My whole life I have been shy. Since getting a job and becoming more active on campus, I have grown out of this slightly. However, I was still nervous when I went to the march. I am nervous when I table. I am nervous at every lobby day that I attend, and do not tell family members that it is in fact a lobby day. It is hard for me to be what is considered a true activist. My friends, who I admire so much, have “activist” in their bios. In times during which I’ve been tempted to do the same I stop myself; I don’t stage protests, I don’t begin movements, I am too afraid to use my voice as loudly as I am able to. Surely, I am not an activist. Certainly not in the way that they are. I have decided that too many authority figures like me for this to be anything but true.

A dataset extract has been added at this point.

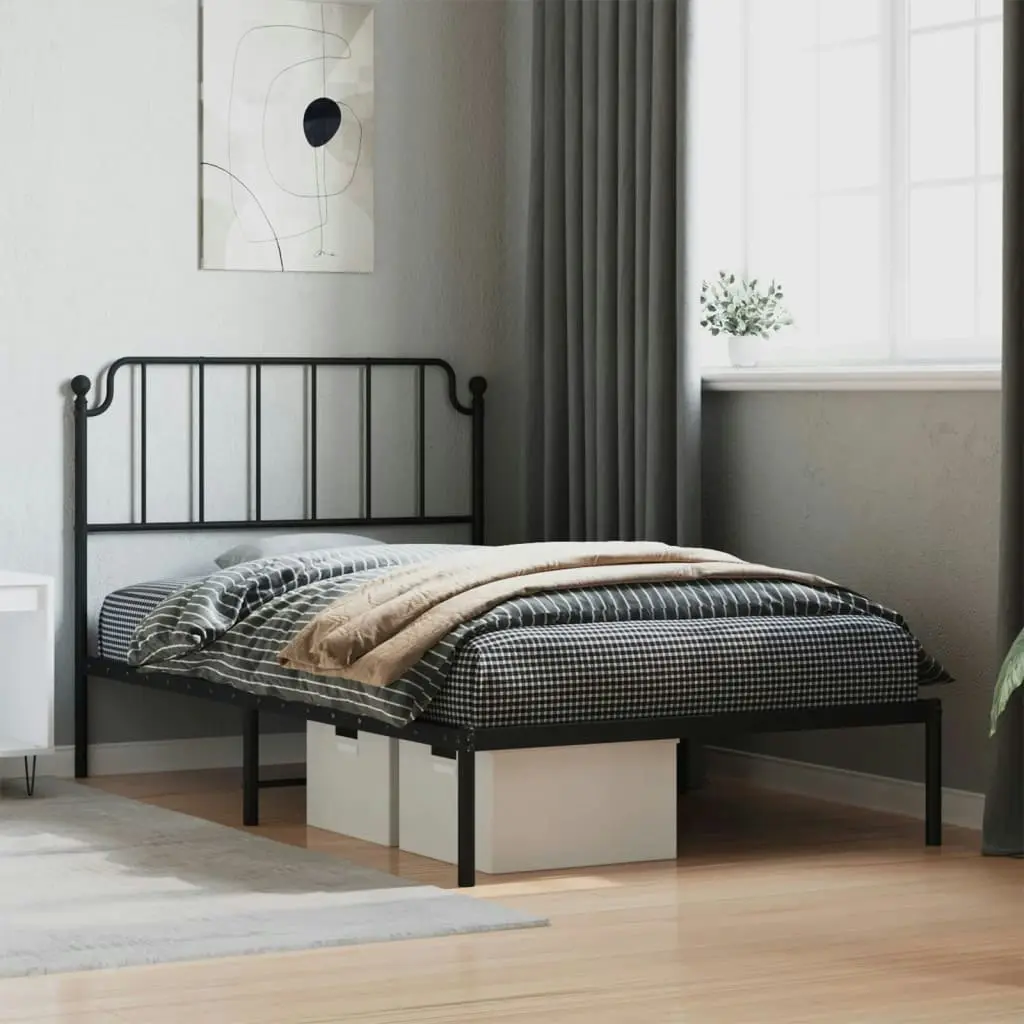 Metal Bed Frame with Headboard Black 107x203 cm 373883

I have to employ my own brand of activism: turning the gatekeeping of politics and academics on their sides and using it to uplift others and change from within. While I don’t receive direct criticism for this line of thought, I am not blind. I see people I admire, true activists, sharing tweets with the sentiment that to join the system that you dislike is unhelpful. I agree… if you’re joining a system with the intention of upholding the problematic status quo. While I don’t have the courage to be a traditional (awesome, radical) activist — and shouldn’t feel any pressure to if I feel that my own anxieties overpower that — I am going to graduate. I am going to go to law school. I am going to use the system to defend people who have not received the same opportunities. I am going to run for a judgeship (yes, in my red state) and add fairness to the way current justices (you know, all those old white conservative men!) interpret the constitution. I can alter the way that document is amended by potentially running for other offices and helping to create and pass bills (yes, I understand that this is nowhere near as easy as I am making it sound).
When I feel like I am doing so little now I think about the future. I am not one of those amazing young women already making waves while in school. Right now I am the status quo so that I can later change it. It is discouraging, but it is what I can do. I am more than just the activist’s friend.